Von Ruth Kofmehl - Und kaum sieht Mann sich um, hat er ein Label an der Backe. So unge­fähr ist es Mich Meien­berg und Matu Hügli ergan­gen, die heuer das 10-jährige Beste­hen ihres Labels Ever­e­strecords feiern.
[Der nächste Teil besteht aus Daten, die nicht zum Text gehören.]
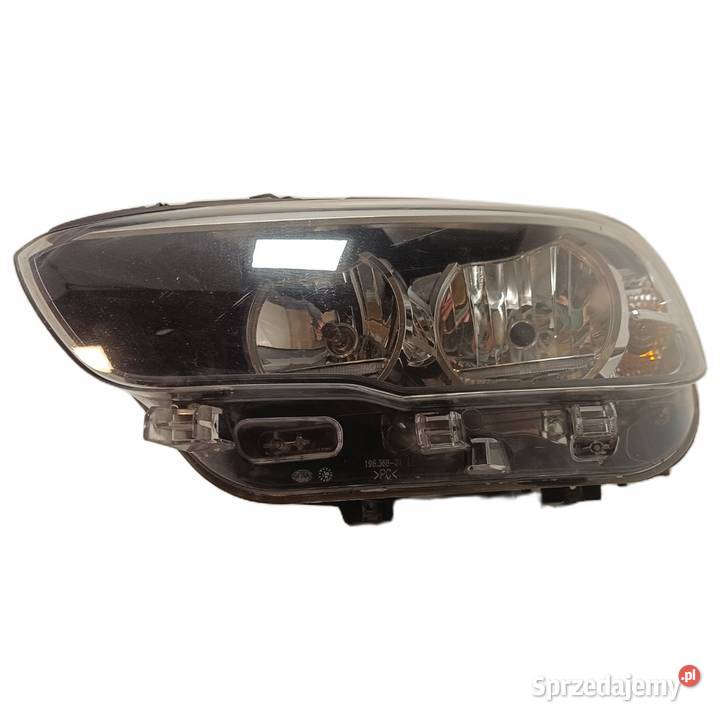 Reflektor lewy przedni BMW 1 F20 F21 LCI Hella Części samochodowe wielkopolskie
Es klingt mehr nach Zufall als nach Pla­nung, wenn die bei­den zurückschauen und darüber sin­nieren, wie sie eigentlich da gelandet sind, wo sie heute ste­hen. Ange­fan­gen hat alles mit einem Vier­spur-Auf­nah­megerät und der Scheibe «Holy Mud», die Meien­berg damit entwick­elte. Die ent­standene Musik gefiel ihm, er fand, dass andere das auch hören soll­ten und grün­dete der Ein­fach­heit hal­ber gle­ich selb­st ein Label. Matu Hügli zog mit sein­er Veröf­fentlichung Ele­va­tor­mu­sic nach und schon kamen die ersten Anfra­gen von Musik­ern aus dem Bekan­ntenkreis, die Ähn­lich­es im Sinn hat­ten. Eines der High­lights in der Labelgeschichte ist dann auch ein früh­es, näm­lich der Moment, in dem Her­pes ö DeLuxe sich dafür inter­essierten, ihr Mate­r­i­al bei ihnen her­auszubrin­gen, und im Zuge dessen die ersten Plat­tenbe­sprechun­gen gescha­hen. Darunter stand der Name des Labels: Ever­e­strecords. Spätestens zu diesem Zeit­punkt wurde also den bei­den klar, dass sie sich über die ihnen bis dahin unbekan­nte Materie des Label­we­sens etwas schlau machen soll­ten und in den fol­gen­den zehn Jahren haben sie das offen­bar erfol­gre­ich getan: Von null zu einem mit­tler­weile beachtlichen Kat­a­log, von sehr exper­i­menteller, düster­er Musik zu fröh­lich­er Pop-Elec­tron­i­ca, von einem lokalen Net­zw­erk zu inter­na­tionalen Kon­tak­ten — sie expandieren in alle möglichen Rich­tun­gen, aber auf eine gemütliche, berner­ische Art. Die Zeit verg­ing im Flug, sagen sie, es hat sich vieles ergeben, wir wach­sen ständig, aber langsam — und bei all diesen Aus­sagen unter­schla­gen sie den immensen Zeit- und Energieaufwand, der in diesem Pro­jekt steckt. Rund zwei Arbeit­stage pro Woche schätzen sie ihren Aufwand ein, unbezahlt, ver­ste­ht sich. Lohn ist die Euphorie, wenn wieder ein Pro­jekt gelun­gen ist, wenn die Kün­stler zufrieden sind und weit­er bei ihnen veröf­fentlichen wollen, wenn Musik ent­deckt wird, die ohne Matu und Mich wohl nicht für alle hör­bar ins Schwin­gen käme. Sagen wir es so: Es ist pure Lei­den­schaft.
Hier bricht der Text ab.